Die Betroffenen und Experten mussten aber zuvor die zu erreichende Einsparsumme akzeptieren: 98 Millionen Euro dauerhaft nach 2005. Ist damit die Schließung eines Klinikstandorts nicht unumgänglich?
Die Expertenkommission ist keine reine Legitimationsveranstaltung für einen bestehenden Beschluss. Die Annahme, die Vorgaben seien so gestrickt, dass keine Alternativen denkbar sind, finde ich zynisch.
Sie haben jetzt die beiden Universitäten und den Wissenschaftsrat mit eingebunden und erst mal befriedet. Clever.
Wir müssen Lösungsformen entwickeln, die von der Öffentlichkeit angenommen werden. Aber ich weiß nicht, was rauskommt. Das ist offen. Und ich glaube auch, dass alle Beteiligten, wenn auch mit unterschiedlichen Motivationen, so denken.
Wo sehen Sie denn Spar-Alternativen, Herr Flierl?
Man kann einen der beiden Standorte aufgeben, man kann aber auch aus den Fakultäten beider Unis eine selbstständige medizinische Hochschule machen. Oder eine dezentrale Kooperation der beiden Fakultäten vereinbaren. Ich denke, es gibt durchaus Chancen, beide medizinische Fakultäten zu erhalten.
Ihr Parteifreund, Wissenschaftsexperte Benjamin Hoff, ist skeptischer: Er hat große Zweifel, dass ohne die Schließung eines Standorts die festgeschriebene Einsparsumme zu erzielen ist. Muss die Charité dran glauben – zum Beispiel durch die Privatisierung des Bettenhauses in Mitte?
Der Beschluss, die Strukturen der Hochschulmedizin als ganze anzugehen, wird auch für die Charité eine Herausforderung sein. Die Frage der Entstaatlichung der Krankenversorgung beschäftigt Berlin seit langem …
… war bislang aber nicht Position der PDS.
Das ist durchaus ein Lernprozess. Wenn es betriebswirtschaftlich sinnvollere Formen gibt, sollten die auch einbezogen werden.
In der Öffentlichkeit hat in Sachen Hochulmedizin vor allem der Regierende Bürgermeister den – polarisierenden – Ton angegeben. Sie wirken eher wie der stille Begleiter.
Für den genauen Betrachter war die Rollenverteilung ganz gut wahrzunehmen, und die Betroffenen haben genau beobachtet ...
Eine Arbeitsteilung nach dem Modell good guy, bad guy.
… und insofern kann ich mit diesem Verständnis ganz gut leben, zumal die Vorlage, die jetzt beschlossen ist, von mir stammt. Und am Dienstag wird der Senat die Einsetzung dieser Expertenkommission aufgrund meiner Vorlage beschließen.

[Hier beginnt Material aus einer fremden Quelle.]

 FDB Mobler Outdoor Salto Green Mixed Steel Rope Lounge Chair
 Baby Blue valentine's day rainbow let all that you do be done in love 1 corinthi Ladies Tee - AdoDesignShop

Wer wird in dieser Kommission sitzen?
Ich stehe mit dem Vorsitzenden des Wissenschaftsrats im Austausch über würdige Kandidaten, die wir am Dienstag hoffentlich bekannt geben können.
Sie sehen Ihre Hauptaufgabe darin, unterschiedliche Milieus aus Ost und West zusammenzubringen. In der Stadt wird Rot-Rot aber als Angriff der Ex-SED auf Westberlin verstanden.

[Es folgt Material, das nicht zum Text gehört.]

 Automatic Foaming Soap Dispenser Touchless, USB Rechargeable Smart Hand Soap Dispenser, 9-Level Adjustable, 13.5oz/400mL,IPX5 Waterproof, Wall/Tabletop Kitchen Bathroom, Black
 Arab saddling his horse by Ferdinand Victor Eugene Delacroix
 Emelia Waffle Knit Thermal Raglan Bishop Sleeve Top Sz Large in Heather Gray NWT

Ja, alle gut gehüteten Vorurteile leben noch einmal sehr konzentriert auf: Die Gespenster des Kalten Krieges sind wieder da. Vielleicht, damit wir uns von ihnen ordentlich verabschieden können, bevor sie endgültig verschwinden.
Und diese Ängste wollen Sie mit drastischen Sparmaßnahmen im Westen abbauen?

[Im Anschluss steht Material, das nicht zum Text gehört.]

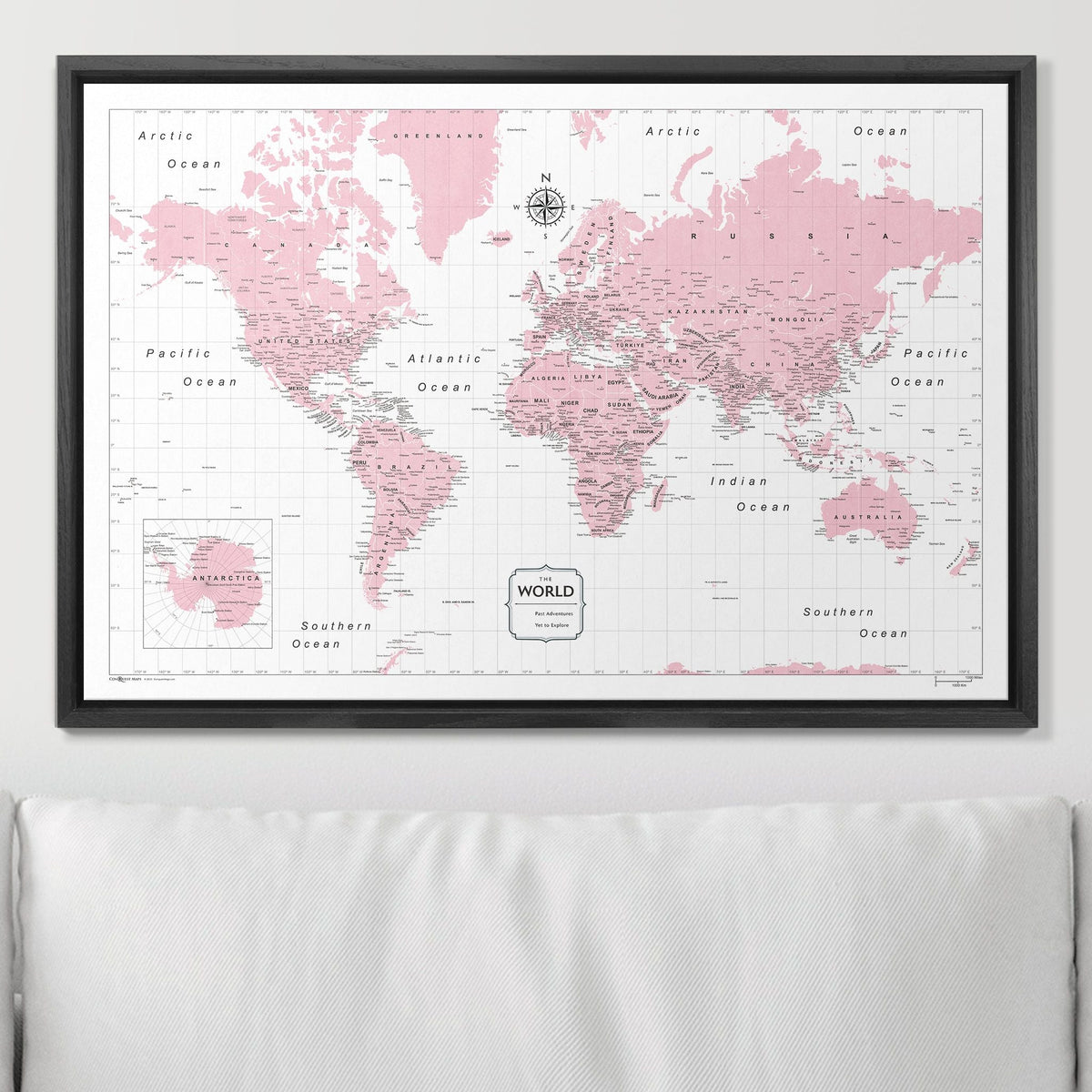 Push Pin World Map Pin Board - Pink Color Splash - Pins Included!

Der Abbau von Ängsten beginnt damit, diese zu äußern. Wir nehmen diese Ängste ernst. Und in Westberlin wird sehr wohl wahrgenommen, wie wir agieren, etwa in der Auseinandersetzung um das Uniklinikum. Es ist doch erstaunlich, dass in der neuen Koalition die Fähigkeit, auf unterschiedliche Milieus zuzugehen, inzwischen eher der PDS zugeschrieben wird. Die PDS bemüht sich um die gesellschaftliche Verständigung in ganz Berlin. Die SPD sollte sich dieser Aufgabe auch verbunden fühlen.